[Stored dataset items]
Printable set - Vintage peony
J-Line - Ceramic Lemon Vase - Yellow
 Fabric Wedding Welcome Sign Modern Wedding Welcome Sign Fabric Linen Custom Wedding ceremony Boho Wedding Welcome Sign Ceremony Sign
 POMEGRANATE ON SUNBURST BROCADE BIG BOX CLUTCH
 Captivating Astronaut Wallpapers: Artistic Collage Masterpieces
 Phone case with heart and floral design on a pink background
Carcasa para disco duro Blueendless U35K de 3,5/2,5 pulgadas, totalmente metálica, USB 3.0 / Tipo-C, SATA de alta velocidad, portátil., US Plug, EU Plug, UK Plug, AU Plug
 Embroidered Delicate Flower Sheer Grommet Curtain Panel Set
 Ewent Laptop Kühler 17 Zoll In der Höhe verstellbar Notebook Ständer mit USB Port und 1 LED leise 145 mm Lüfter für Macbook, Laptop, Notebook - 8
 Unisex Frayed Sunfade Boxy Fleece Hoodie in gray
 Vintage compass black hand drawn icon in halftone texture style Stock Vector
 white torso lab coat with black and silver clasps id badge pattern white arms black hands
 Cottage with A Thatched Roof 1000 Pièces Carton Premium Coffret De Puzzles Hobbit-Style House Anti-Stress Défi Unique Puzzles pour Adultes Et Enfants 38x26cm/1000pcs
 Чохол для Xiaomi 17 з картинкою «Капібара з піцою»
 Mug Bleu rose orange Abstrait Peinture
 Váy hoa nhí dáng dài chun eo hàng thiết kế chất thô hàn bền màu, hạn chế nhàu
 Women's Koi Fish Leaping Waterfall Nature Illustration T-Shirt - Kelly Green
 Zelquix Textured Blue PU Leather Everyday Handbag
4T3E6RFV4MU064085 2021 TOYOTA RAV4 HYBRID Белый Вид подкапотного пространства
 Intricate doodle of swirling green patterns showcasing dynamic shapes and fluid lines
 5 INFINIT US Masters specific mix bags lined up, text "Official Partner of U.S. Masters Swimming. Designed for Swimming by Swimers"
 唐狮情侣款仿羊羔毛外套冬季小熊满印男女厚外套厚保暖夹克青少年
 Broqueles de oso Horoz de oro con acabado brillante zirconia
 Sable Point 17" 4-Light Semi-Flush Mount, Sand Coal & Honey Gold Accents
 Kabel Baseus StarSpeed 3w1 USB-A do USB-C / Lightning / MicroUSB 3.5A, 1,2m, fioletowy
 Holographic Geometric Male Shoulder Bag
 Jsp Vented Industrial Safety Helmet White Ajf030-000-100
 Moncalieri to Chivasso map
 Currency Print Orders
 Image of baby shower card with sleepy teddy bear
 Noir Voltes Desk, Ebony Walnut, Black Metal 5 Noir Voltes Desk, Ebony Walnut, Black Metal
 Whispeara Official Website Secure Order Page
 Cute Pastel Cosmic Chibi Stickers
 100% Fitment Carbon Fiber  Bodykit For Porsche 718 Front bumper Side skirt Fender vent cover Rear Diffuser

* _TASK REQUIREMENTS_:
Output the first line of the entries above and every line after it, exactly as written, ending with the line that contains "Cute Pastel Cosmic Chibi Stickers".

* _FINISHED TASK_:
Printable set - Vintage peony
J-Line - Ceramic Lemon Vase - Yellow
 Fabric Wedding Welcome Sign Modern Wedding Welcome Sign Fabric Linen Custom Wedding ceremony Boho Wedding Welcome Sign Ceremony Sign
 POMEGRANATE ON SUNBURST BROCADE BIG BOX CLUTCH
 Captivating Astronaut Wallpapers: Artistic Collage Masterpieces
 Phone case with heart and floral design on a pink background
Carcasa para disco duro Blueendless U35K de 3,5/2,5 pulgadas, totalmente metálica, USB 3.0 / Tipo-C, SATA de alta velocidad, portátil., US Plug, EU Plug, UK Plug, AU Plug
 Embroidered Delicate Flower Sheer Grommet Curtain Panel Set
 Ewent Laptop Kühler 17 Zoll In der Höhe verstellbar Notebook Ständer mit USB Port und 1 LED leise 145 mm Lüfter für Macbook, Laptop, Notebook - 8
 Unisex Frayed Sunfade Boxy Fleece Hoodie in gray
 Vintage compass black hand drawn icon in halftone texture style Stock Vector
 white torso lab coat with black and silver clasps id badge pattern white arms black hands
 Cottage with A Thatched Roof 1000 Pièces Carton Premium Coffret De Puzzles Hobbit-Style House Anti-Stress Défi Unique Puzzles pour Adultes Et Enfants 38x26cm/1000pcs
 Чохол для Xiaomi 17 з картинкою «Капібара з піцою»
 Mug Bleu rose orange Abstrait Peinture
 Váy hoa nhí dáng dài chun eo hàng thiết kế chất thô hàn bền màu, hạn chế nhàu
 Women's Koi Fish Leaping Waterfall Nature Illustration T-Shirt - Kelly Green
 Zelquix Textured Blue PU Leather Everyday Handbag
4T3E6RFV4MU064085 2021 TOYOTA RAV4 HYBRID Белый Вид подкапотного пространства
 Intricate doodle of swirling green patterns showcasing dynamic shapes and fluid lines
 5 INFINIT US Masters specific mix bags lined up, text "Official Partner of U.S. Masters Swimming. Designed for Swimming by Swimers"
 唐狮情侣款仿羊羔毛外套冬季小熊满印男女厚外套厚保暖夹克青少年
 Broqueles de oso Horoz de oro con acabado brillante zirconia
 Sable Point 17" 4-Light Semi-Flush Mount, Sand Coal & Honey Gold Accents
 Kabel Baseus StarSpeed 3w1 USB-A do USB-C / Lightning / MicroUSB 3.5A, 1,2m, fioletowy
 Holographic Geometric Male Shoulder Bag
 Jsp Vented Industrial Safety Helmet White Ajf030-000-100
 Moncalieri to Chivasso map
 Currency Print Orders
 Image of baby shower card with sleepy teddy bear
 Noir Voltes Desk, Ebony Walnut, Black Metal 5 Noir Voltes Desk, Ebony Walnut, Black Metal
 Whispeara Official Website Secure Order Page
 Cute Pastel Cosmic Chibi Stickers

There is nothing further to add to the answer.